では、ご自身が先駆者になるために、今やられている事業を選ばれたのでしょうか?

そうですね。「女性が自由に豊かに生きていける社会へ」というのは、私は一生をかけてやろうと思っています。
今はビジネスという形でやっていますけど、そうではないやり方をするかもしれないし。
あまりこだわりはないのですが、まずは事業としての女性支援、その中でも社会人女性の学びの場の女子未来大学というのは、本当に一番やりたい事業です。
女性の多様な生き方・暮らし方・働き方を知らないが故に、孤独を感じている女性が多くいらっしゃいます。
毎日家と会社を行き来するだけでは同じような価値観を持つ友達と話すことはあっても、経験豊かな人生の先輩や価値観が全く異なる人に出会うチャンスがありません。
そうなると選択肢は狭まるし、視野も狭くなってしまいます。
そこで、様々な価値観や多世代で交流できる社会人女性のための学びの場を提供したいと考え、女子未来大学を作りました。
でも、そこにはあまり収益化を期待していないんです。 ただ、それだと会社としては成り立たないので。
やりたいことをやるために、収益化可能な自分にできることを仕事にしていこうと思いました。
それが、リクルートで経験した知見やスキルを活かしての経営コンサルティング、女性のための商品企画やマーケティングというものです。
それらは私が「できる仕事」です。
よく起業したい女性たちも相談にいらっしゃって、みんなやりたいことのみを語るのですが、そうではなく過去の経験から「できる仕事」と「やりたい仕事」をまず分けて整理することから考えるといいと思います。
ただ大切なのはバランスで、やりたいことを全てやるのではなく「本当にやりたいこと」「あなただからできること」を見つけることが大切です。
夢を叶えていくための手法も、本当にやりたいことを絞って考えることで、いくつかに限られてくると思います。
女性経営者が陥りがちなポイントはそういうところにあります。
まずは、自分ができることで社会に価値を還元していく。
その中で自分がやりたいことを誰にも負けないくらい磨いて、競合と切磋琢磨してプロフェッショナルとしてお金という価値に変えていくという作業が必要になります。
ということを、なかなか周りは教えてくれないんですよね(笑)
起業したい方にはご本人の幸せのために、敢えてそこは厳しく言及しています。
心の底からやりたいことなら、失敗してもやるべきだと思っています。
その思いがあれば、後悔はしないはずですから。
なのでやはり「どんなことを」やりたいのか、ということを軸に何度も考えてみる必要があるんですよね。
私の場合は「リクルートで学んだことを生かしつつ、女性の幸せの実現のために」ということで舵取りを行いました。

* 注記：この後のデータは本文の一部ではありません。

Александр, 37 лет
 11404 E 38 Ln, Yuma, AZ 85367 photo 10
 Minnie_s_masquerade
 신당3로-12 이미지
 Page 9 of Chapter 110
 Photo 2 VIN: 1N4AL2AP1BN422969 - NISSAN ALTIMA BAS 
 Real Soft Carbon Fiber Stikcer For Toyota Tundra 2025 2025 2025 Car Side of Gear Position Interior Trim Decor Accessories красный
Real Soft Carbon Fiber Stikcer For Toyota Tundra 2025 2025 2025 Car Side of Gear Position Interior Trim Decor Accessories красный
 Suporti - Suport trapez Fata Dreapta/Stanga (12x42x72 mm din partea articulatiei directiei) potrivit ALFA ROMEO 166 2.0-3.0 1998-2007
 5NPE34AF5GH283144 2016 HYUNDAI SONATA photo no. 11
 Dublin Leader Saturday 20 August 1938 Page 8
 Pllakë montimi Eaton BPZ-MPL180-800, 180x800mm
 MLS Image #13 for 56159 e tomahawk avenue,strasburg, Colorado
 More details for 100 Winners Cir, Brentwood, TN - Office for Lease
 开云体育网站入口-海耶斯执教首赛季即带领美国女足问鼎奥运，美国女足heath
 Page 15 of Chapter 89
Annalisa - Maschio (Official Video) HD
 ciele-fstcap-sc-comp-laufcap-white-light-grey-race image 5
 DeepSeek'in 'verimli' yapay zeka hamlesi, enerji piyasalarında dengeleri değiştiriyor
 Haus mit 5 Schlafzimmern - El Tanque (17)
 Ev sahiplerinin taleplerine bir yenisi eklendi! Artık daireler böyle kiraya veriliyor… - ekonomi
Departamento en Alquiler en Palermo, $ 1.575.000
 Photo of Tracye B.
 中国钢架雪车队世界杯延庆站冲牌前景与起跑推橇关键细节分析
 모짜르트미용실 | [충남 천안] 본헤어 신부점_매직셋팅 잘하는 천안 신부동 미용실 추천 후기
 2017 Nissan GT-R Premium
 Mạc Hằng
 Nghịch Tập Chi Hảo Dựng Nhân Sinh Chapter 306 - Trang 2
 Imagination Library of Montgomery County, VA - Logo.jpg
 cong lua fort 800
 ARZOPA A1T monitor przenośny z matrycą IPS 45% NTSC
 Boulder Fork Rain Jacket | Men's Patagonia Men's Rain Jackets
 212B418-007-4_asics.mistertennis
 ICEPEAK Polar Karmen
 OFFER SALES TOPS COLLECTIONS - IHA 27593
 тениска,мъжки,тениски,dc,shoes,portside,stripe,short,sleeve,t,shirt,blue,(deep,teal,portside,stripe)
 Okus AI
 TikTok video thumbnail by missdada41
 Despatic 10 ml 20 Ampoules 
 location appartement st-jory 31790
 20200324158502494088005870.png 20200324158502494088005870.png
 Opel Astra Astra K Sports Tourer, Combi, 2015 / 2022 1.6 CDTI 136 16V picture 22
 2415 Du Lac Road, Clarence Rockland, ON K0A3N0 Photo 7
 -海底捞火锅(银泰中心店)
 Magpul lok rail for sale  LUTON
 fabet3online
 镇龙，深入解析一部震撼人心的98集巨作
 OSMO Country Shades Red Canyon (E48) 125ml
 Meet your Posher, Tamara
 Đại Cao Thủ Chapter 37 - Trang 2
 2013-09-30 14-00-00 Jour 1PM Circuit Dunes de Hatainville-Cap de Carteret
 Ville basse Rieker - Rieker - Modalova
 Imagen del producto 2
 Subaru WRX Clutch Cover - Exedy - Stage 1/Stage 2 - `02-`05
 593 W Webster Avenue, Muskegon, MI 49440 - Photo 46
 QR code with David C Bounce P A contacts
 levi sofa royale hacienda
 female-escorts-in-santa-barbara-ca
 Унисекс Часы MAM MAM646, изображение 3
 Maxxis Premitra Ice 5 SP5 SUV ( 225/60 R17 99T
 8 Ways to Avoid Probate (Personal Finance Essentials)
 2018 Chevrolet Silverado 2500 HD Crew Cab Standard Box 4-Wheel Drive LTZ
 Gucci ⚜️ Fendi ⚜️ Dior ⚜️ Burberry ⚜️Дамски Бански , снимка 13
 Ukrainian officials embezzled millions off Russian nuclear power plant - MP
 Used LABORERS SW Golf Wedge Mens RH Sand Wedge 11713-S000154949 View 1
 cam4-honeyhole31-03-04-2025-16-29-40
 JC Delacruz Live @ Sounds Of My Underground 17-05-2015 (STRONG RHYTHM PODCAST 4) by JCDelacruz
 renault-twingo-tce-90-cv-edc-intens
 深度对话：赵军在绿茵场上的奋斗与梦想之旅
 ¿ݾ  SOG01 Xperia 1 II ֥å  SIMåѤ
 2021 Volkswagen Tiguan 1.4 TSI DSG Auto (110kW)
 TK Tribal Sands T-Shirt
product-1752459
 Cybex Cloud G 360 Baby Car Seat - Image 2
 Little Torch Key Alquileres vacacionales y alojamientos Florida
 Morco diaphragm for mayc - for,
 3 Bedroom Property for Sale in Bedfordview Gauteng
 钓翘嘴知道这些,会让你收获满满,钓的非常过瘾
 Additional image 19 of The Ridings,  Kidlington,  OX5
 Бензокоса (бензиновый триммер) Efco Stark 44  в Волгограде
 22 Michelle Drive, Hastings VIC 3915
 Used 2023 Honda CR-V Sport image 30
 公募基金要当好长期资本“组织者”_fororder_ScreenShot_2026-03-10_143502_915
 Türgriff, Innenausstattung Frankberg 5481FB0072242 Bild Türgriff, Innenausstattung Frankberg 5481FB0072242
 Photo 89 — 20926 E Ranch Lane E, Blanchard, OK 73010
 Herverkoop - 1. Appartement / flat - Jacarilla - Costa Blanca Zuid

――実際に猪熊さんのアドバイスで起業された方もいらっしゃるのでしょうか?

うちのスタッフです。
出産を機に仕事を辞めていたのですが、また働きたいという相談を受けて、うちの会社で働き始めました。
サテライトでやっていたのですが、途中からオフィスに子どもを連れてきて(笑) s_160510_063_inokuma

――オフィスにですか?

そうなんです。みんなで子育てしていました。
ママ以外の人と接することは赤ちゃんにとって多様な価値観に触れることに繋がります。
私達も、赤ちゃんから学ぶことはとっても多かったですよ。日に日にできることが多くなっていって。
感情表現も豊かになっていきますし。 大人も子どもも立場も関係なく、みんなが最大限パフォーマンスを発揮できる環境を作って、みんなで成長させ合うというのがうちの会社のモットーです。
一人が考えることには限界がありますし、多角的にみることでそれが決定に繋がっていくと思っています。
それは、今までの価値観である「決定権がある人がスピード感をもって進めていく」というよりも「新しい価値観をどんどん生み出し、スピード感をもってチームで進める」ということです。
新しい価値観を生み出すことは絶対に一人ではできないですし、チームの力を育てることが重要だと思っています。
ただ、すべての価値観を平等に反映するのが良いわけではなく、その中でも光を当てて考えていくことが大切になりますね。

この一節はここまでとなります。